Directions:
Look below for the line containing "Foto 2 de Pis"; from there through the line containing "slider 24 Quicksilver Activ 605 Open", both lines included, please set down each line exactly and nothing else.

Provided information:
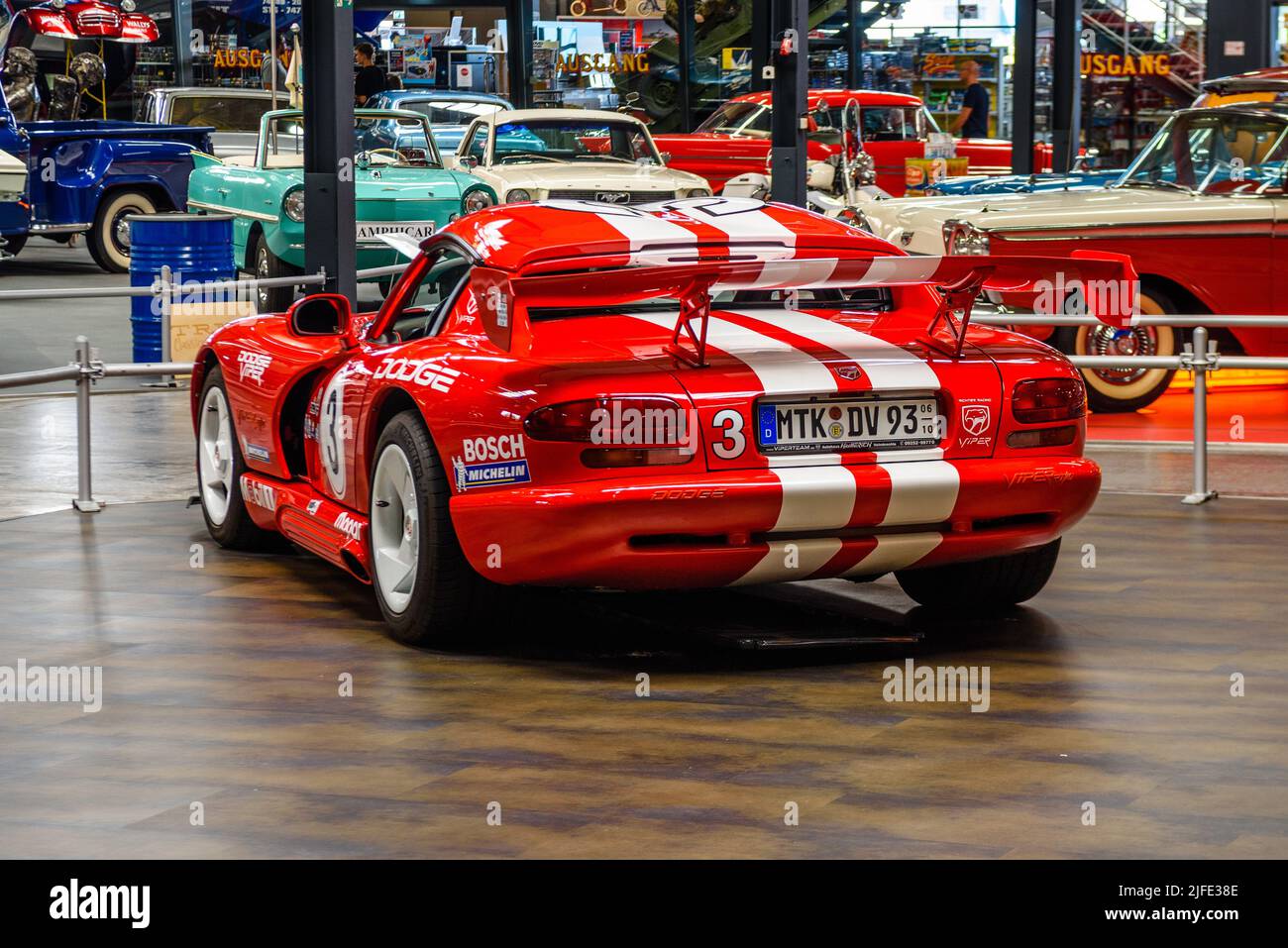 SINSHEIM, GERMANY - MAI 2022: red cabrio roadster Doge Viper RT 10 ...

---

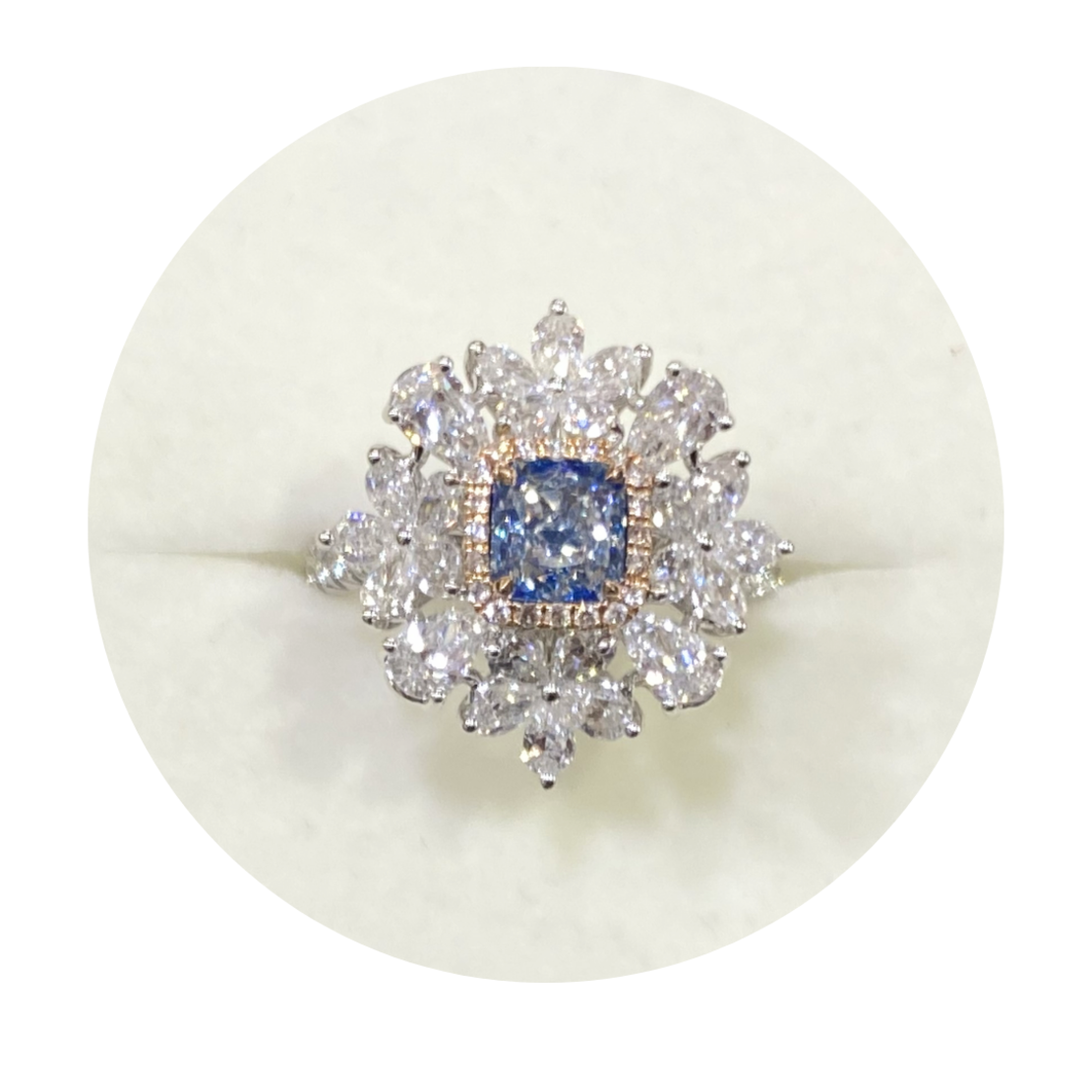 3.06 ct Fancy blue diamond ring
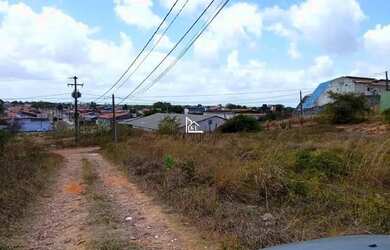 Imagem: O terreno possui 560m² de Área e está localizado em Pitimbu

--

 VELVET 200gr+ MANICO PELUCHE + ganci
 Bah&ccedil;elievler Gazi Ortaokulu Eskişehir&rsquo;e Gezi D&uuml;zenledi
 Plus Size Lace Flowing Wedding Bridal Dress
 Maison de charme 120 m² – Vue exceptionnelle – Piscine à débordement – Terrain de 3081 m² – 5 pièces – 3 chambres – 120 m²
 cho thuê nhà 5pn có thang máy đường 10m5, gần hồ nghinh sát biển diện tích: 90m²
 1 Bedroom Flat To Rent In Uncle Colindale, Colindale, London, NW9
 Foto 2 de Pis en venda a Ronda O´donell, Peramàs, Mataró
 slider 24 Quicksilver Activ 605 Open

Response area:
 Foto 2 de Pis en venda a Ronda O´donell, Peramàs, Mataró
 slider 24 Quicksilver Activ 605 Open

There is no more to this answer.